Le premier concerne l’indexation des valeurs locatives, fixée lors de chaque débat budgétaire : elle vient d’être arrêtée par l’Assemblée nationale à 0, 4 % et sera désormais indexée sur la seule inflation.
Je n’en conteste pas le bien-fondé, alors que j’appelle périodiquement à une bonne gouvernance. Avouez toutefois, monsieur le secrétaire d’État, qu’il est paradoxal de constater qu’après avoir proposé régulièrement, durant ce quinquennat, une évolution sans aucune mesure avec l’inflation pour masquer les hausses de fiscalité locale dues à une politique ravageuse à l’égard des collectivités, vous imposiez à vos successeurs, pour demain, cette rigueur inédite.
J’en viens maintenant au second point, qui relève purement et simplement du coup de Jarnac ! Je veux évoquer la modification du régime d’imposition des indemnités des élus locaux, au prétexte d’adapter leur régime à une réforme du prélèvement à la source qui ne verra probablement jamais le jour en l’état.
Lorsque les élus locaux, notamment ceux des petites communes, constateront que leur indemnité sera, par le biais de la suppression du prélèvement libératoire, réduite d’un montant de l’ordre d’une à trois mensualités par an, je crains que nous n’assistions, dans nos campagnes, à une véritable insurrection. En effet, comme je le dénonce dans un amendement à l’article 5 du projet de loi de finances, dont vous n’avez pas souhaité retenir l’argumentation, c’est le résultat qu’on obtient quand on soumet à l’impôt sur le revenu l’indemnisation des élus des communes de 500 à 1 000 habitants, qui était considérée jusqu’alors comme équivalente à un remboursement de frais. Rien de tel pour exposer les élus locaux à la merci de l’électeur consommateur et décourager les vocations des bénévoles de la République !
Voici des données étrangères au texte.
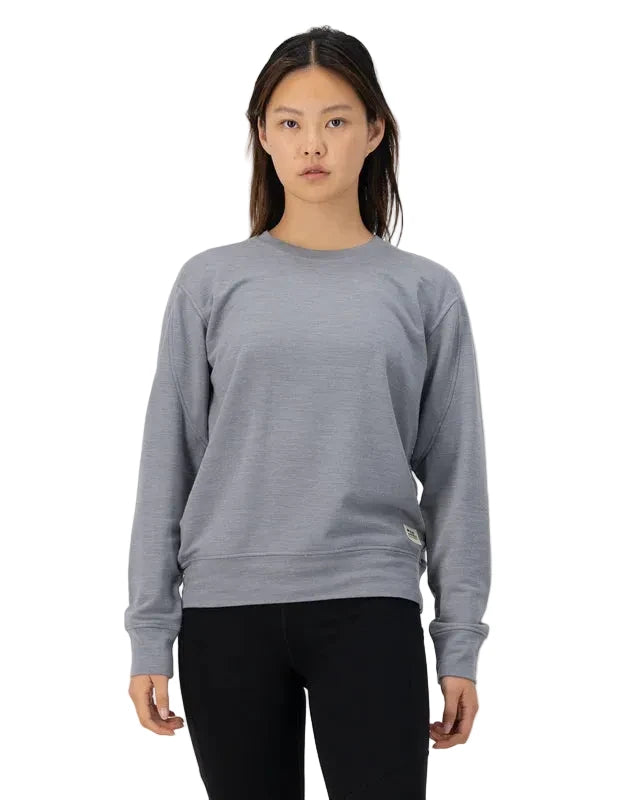 Mons Royale Covert Lite Merino Crew - Women's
Vous comprendrez qu’avec de telles conditions proposées aux collectivités locales et dans un contexte de réforme avortée de la DGF, dont vous ne reprenez même pas la perspective, nous retenions la question préalable.
Ajoutées au climat de désespérance des élus locaux, qui sont englués dans des réformes inadaptées des collectivités locales, les dispositions, qui ont été adoptées et qui ne tiennent pratiquement pas compte de nos travaux antérieurs, laissent augurer de ce qu’il serait advenu de nos propositions si nous les avions réitérées. Ainsi, le projet de loi de finances vient totalement obérer la respiration que vous avez pourtant consentie, en reportant, pour moitié, la baisse du prélèvement au bloc communal.
Dans ces conditions, avec la France des territoires et celle d’une ruralité que vous avez contribué un peu plus à désespérer, et malgré ma frustration en tant que membre de la commission des finances, je voterai sans état d’âme la question préalable.